Much of Dizzy Gillespie's bop ... is characterized by a nonsensicality of content, an end result Armstrong never intended but which came from an almost inevitable consequence of the departure . . . from traditional values and meanings. Ellington . . . might help find a way to perpetuate the eternal values in New Orleans jazz while expanding the idiom, but his musical imagination turns to the theatrical. He is, indeed a sort of jazz Wagner. He has the same sort of dramatic feelings about Negroes that Wagner had about Germans.


The New Orleans revival got off to a modest start in 1940 when collector Heywood Hale Broun issued recordings of veteran New Orleans blacks in quavering versions of blues and parade music of their youth around the turn of the century. The following year saw the beginning of white revival bands in San Francisco, when Lu Watters and the Yerba Buena Jazz Band copied the instrumentation, the tunes, and as far as they were able, the style of King Oliver's Creole Jazz Band recordings made twenty years earlier. By the time bebop was in full bloom dozens of white revival bands were thriving throughout the United States, Europe, Australia, New Zealand, and in England where a fever for "trad" (traditional) was rampant among the youth, including some of the founders-to-be of British rock.

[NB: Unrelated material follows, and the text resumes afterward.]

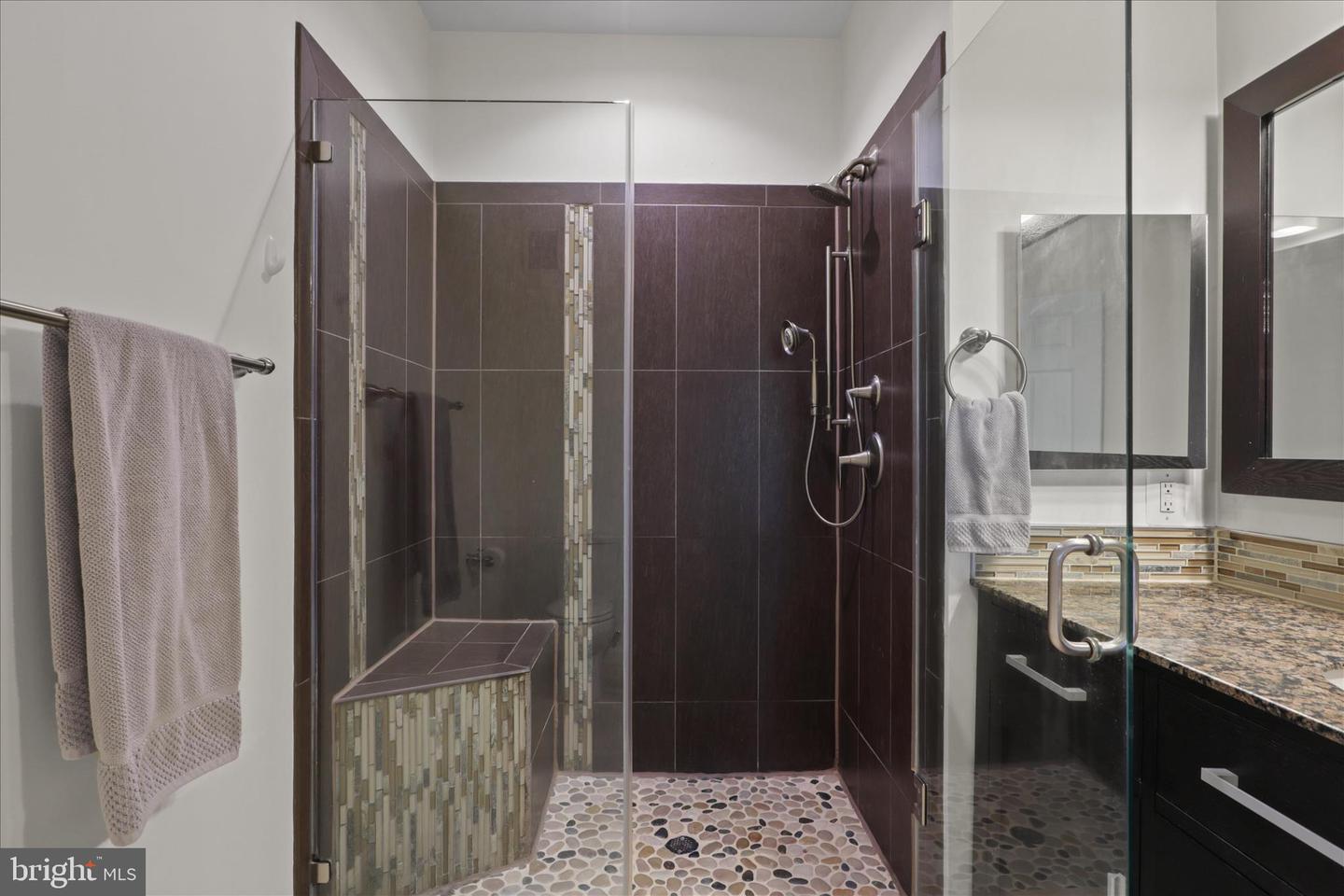 2301 25TH ST S #4-306, ARLINGTON, Virginia 22206, 2 Bedrooms Bedrooms, ,2 BathroomsBathrooms,Residential,For sale,2301 25TH ST S #4-306,VAAR2065752 MLS # VAAR2065752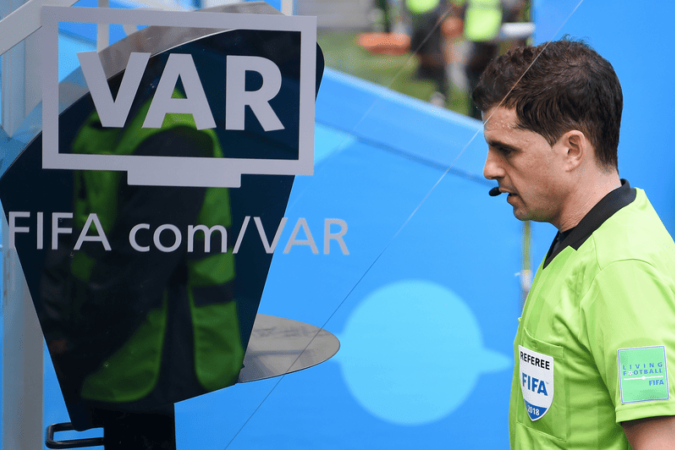 O futebol alemão tem uma longa tradição de ativismo dos torcedores, com protestos frequentes nas últimas temporadas contra os horários das partidas e os acordos com investidores - (crédito: Divulgação/FIFA) O futebol alemão tem uma longa tradição de ativismo dos torcedores, com protestos frequentes nas últimas temporadas contra os horários das partidas e os acordos com investidores - (crédito: Divulgação/FIFA)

The revival brought elderly blacks out of retirement—Bunk Johnson, George Lewis—and provided work for young whites — Turk Murphy, Lu Watters, and England's Chris Barber. It also forced modernists like Earl Hines, Jack Teagarden, and clarinetist Pee Wee Russell reluctantly into the Dixieland camp during a doctrinaire era that split the jazz world into two warring factions. It is significant that, without a single exception, no young blacks could be found participating in the revival movement either as players or as listeners. They would as soon be seen chomping a watermelon on the front steps of city hall as partaking in what they scorned as "old-time slave, Uncle Tom, minstrel-man jive." Tempers ran high as lifelong friends and colleagues Hugues Panassie and Charles Delaunay stopped speaking because of bebop. Fistfights broke out in Parisian cabarets where Dizzy Gillespie performed, punctuated with cries of, "You dare to call this music!" The jazz press abounded with hate-ridden jeremiads about the "modernist degenerates of bebop" and the "moldy-fig reactionary revivalists," reminiscent of the doctrinal fury of sixteenth century Catholics and Protestants.


In retrospect, the revival produced foolish rhetoric but much also of lasting value, as did the ragtime revival three decades later; it rescued from obscurity a long-neglected style of collective improvisation and an imposing repertoire of excellent tunes. The best of these revival bands, Wilbur de Paris's New New Orleans Jazz (Atlantic 1219), exudes a vitality that bears repeated hearings today, but the same cannot be said for most revival players venerated to sainthood by their white idolaters, some of whom launched a serious campaign to run Bunk Johnson for the presidency. What seems most remarkable about the revival movement is the emotional heat and religious fervor it unloosed—and why.”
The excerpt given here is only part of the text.